Nach Bruchsaler Wohnungsbrand sind 18 Personen vorübergehend obdachlos

Er war Sportschütze, er war 53 Jahre alt und bisher völlig unauffällig. In Bruchsal gibt die schwere Brandstiftung auch anderthalb Wochen nach der Tat noch immer Rätsel auf. Woher kamen die vielen Schussgeräusche? Und warum hatte der Mann eine Kalaschnikow-Nachbildung zuhause?

None
Die Brandschäden im zweiten Obergeschoss sind noch deutlich sichtbar. Hier, in der Bruchsaler Silberhölle, starb ein Mann im Feuer. Das gesamte Haus ist derzeit noch unbewohnbar. Die Polizei hat erst dieser Tage das Gebäude freigegeben. Foto: Heintzen

„Es gibt bisher keine Anhaltspunkte für eine politische Motivation.“ Auch anderthalb Wochen nach dem gefährlichen Wohnungsbrand in Bruchsal wird über das Motiv des 53-jährigen Bruchsalers gerätselt. Der Mann hatte sich nachts in seiner Wohnung verschanzt, Feuer gelegt und sich später selbst getötet. Gemutmaßt wird, dass eine drohende Räumungsklage Grund für die Tat war.

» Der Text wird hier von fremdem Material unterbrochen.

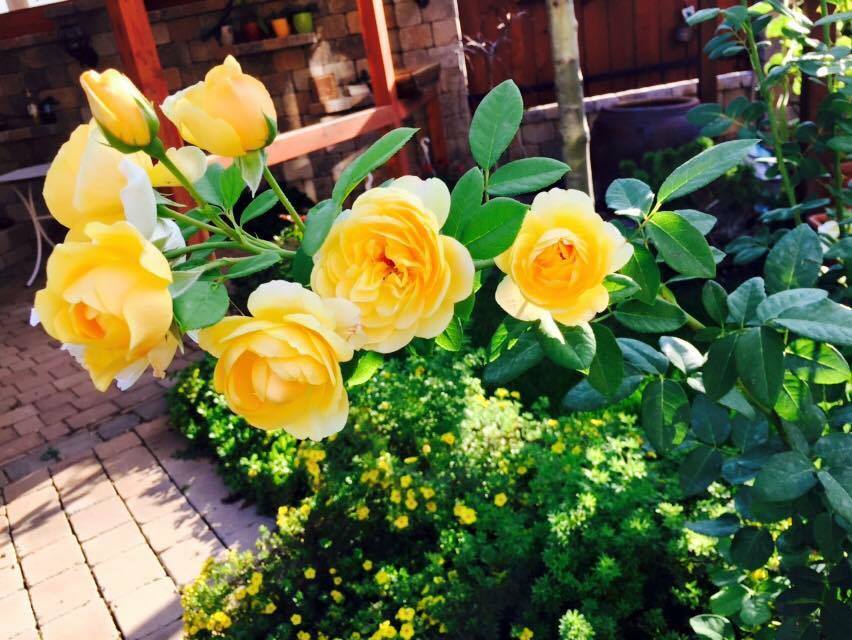 Vườn hoa hồng đẹp như cổ tích của mẹ Việt ở Hungary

Täuschend echte Kalaschnikow

Bei dem Sportschützen fand man drei Langwaffen und einen Revolver, alle legal und per Waffenbesitzkarte registriert. Darüber hinaus fanden die Ermittler aber auch eine Soft-Air-Waffe und die Nachbildung einer Kalaschnikow. „Die sieht täuschend echt aus“, bestätigt Staatsanwalt Mirko Heim BNN-Informationen, wonach die Attrappe des bekannten Sturmgewehrs in der Wohnung gefunden wurde.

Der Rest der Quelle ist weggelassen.